Print out the entries from the line containing "Parfum 100 ml men" through the last line, exactly, and print nothing else. Pictures are not copied.
*** Data ***
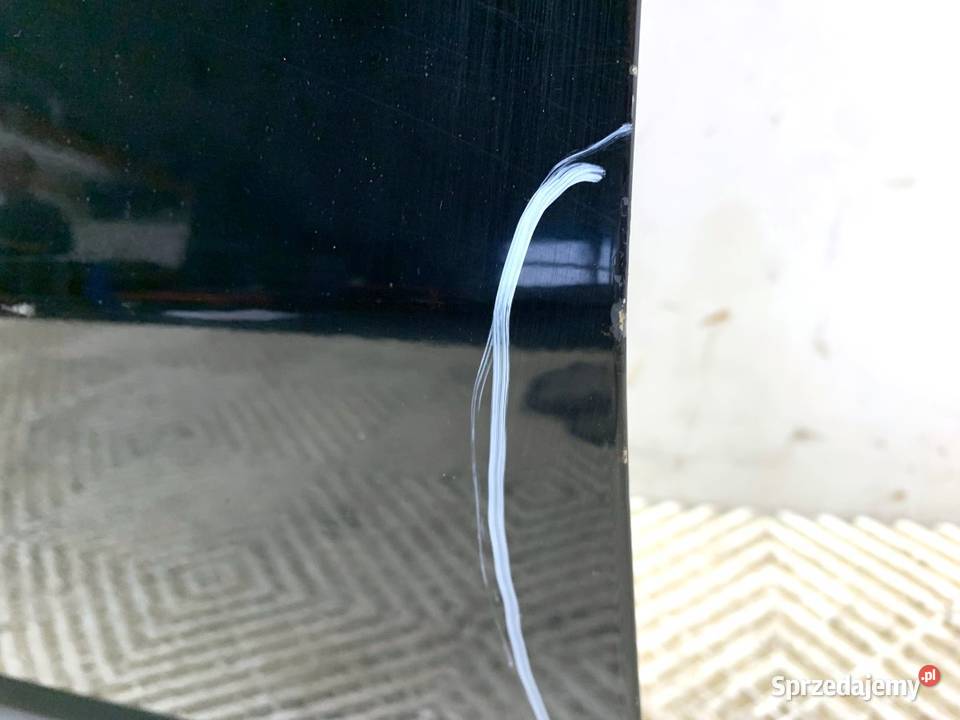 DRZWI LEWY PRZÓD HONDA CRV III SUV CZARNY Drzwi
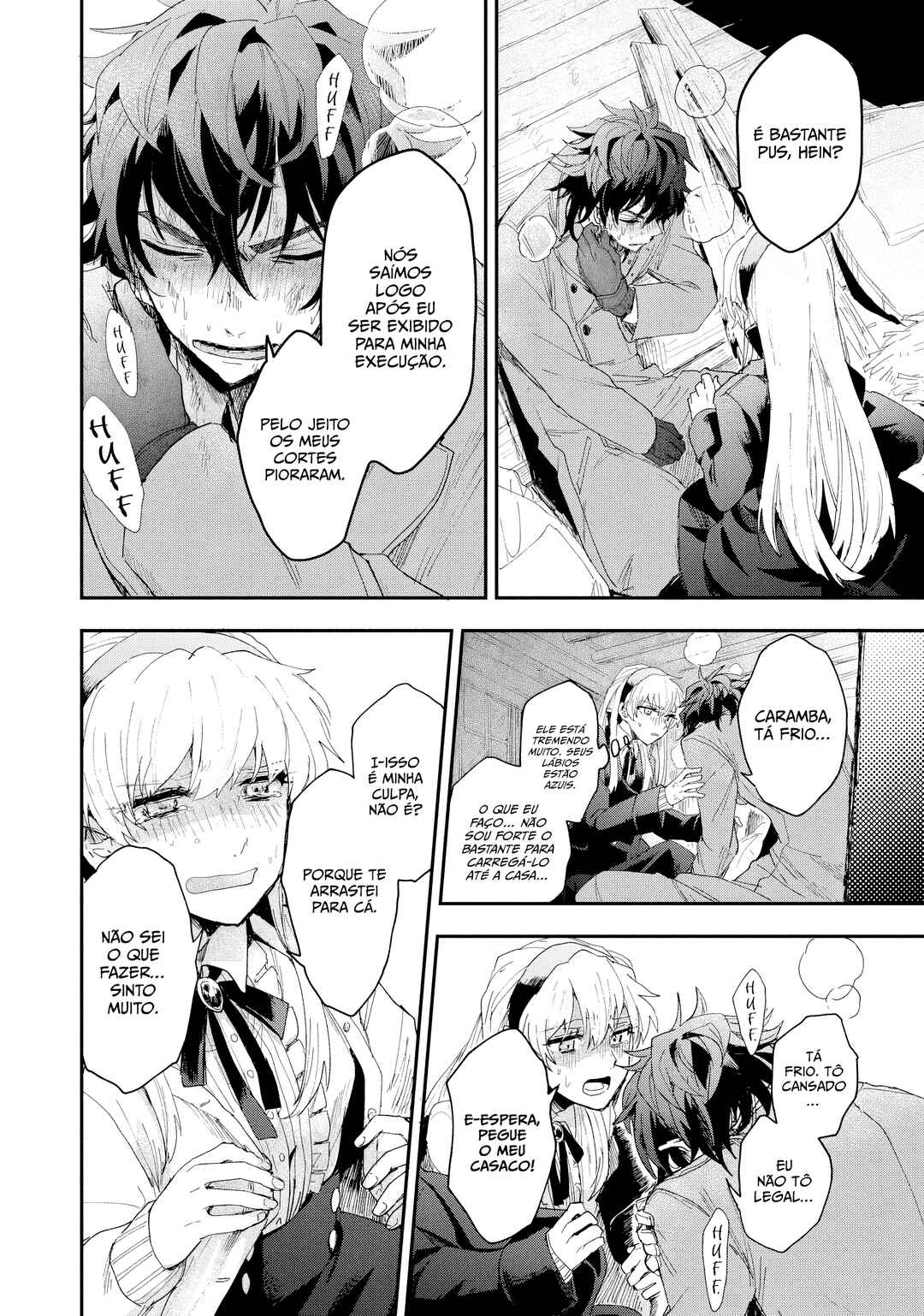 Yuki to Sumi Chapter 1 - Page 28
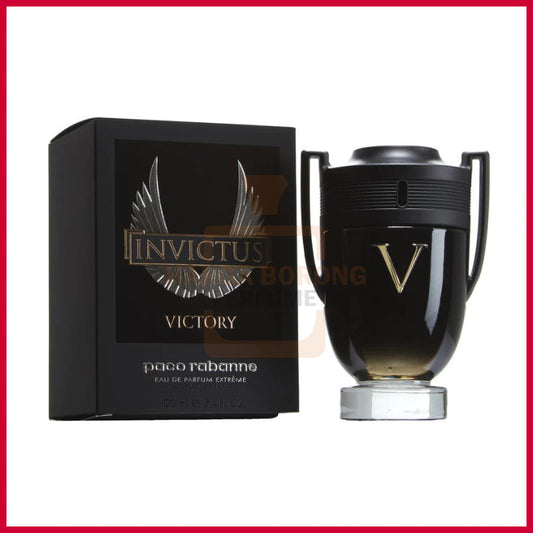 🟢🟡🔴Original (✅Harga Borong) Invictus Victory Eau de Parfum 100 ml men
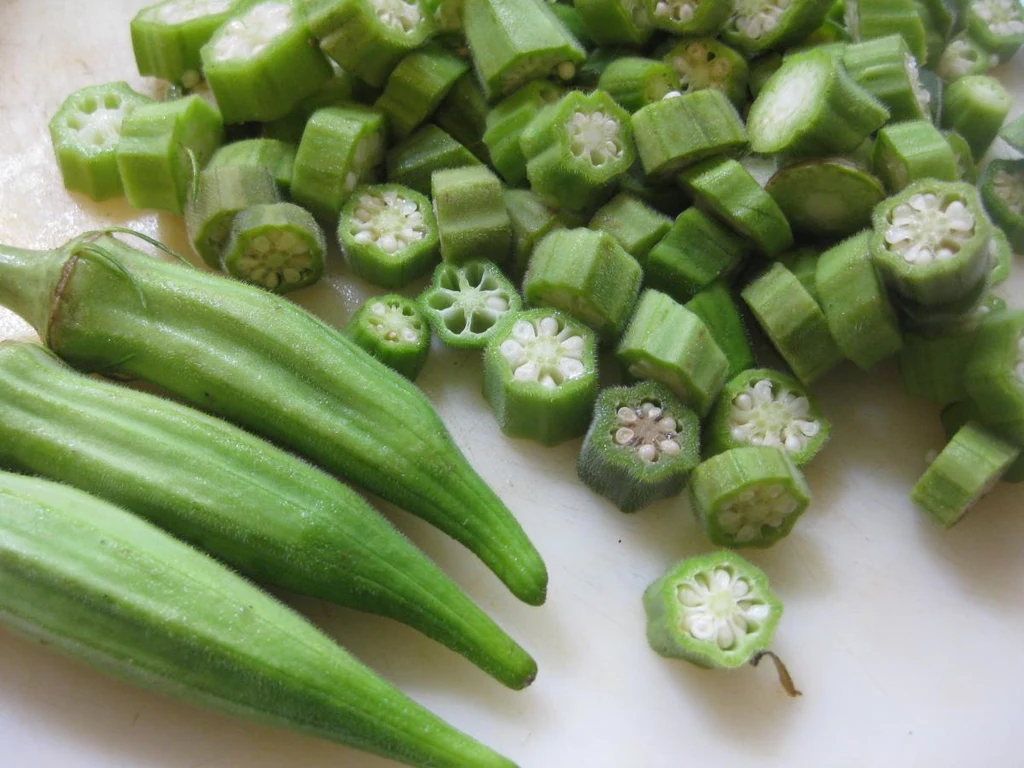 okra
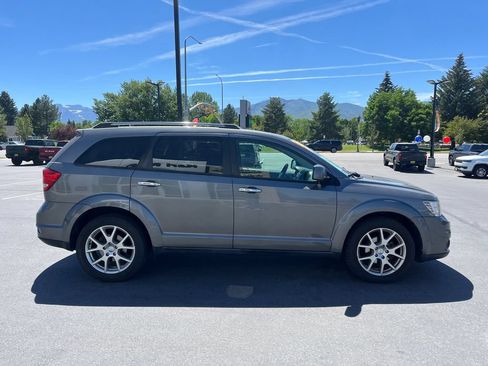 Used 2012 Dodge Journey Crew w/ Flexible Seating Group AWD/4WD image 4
*** End of Data ***
* The completed task:
 🟢🟡🔴Original (✅Harga Borong) Invictus Victory Eau de Parfum 100 ml men
 okra
 Used 2012 Dodge Journey Crew w/ Flexible Seating Group AWD/4WD image 4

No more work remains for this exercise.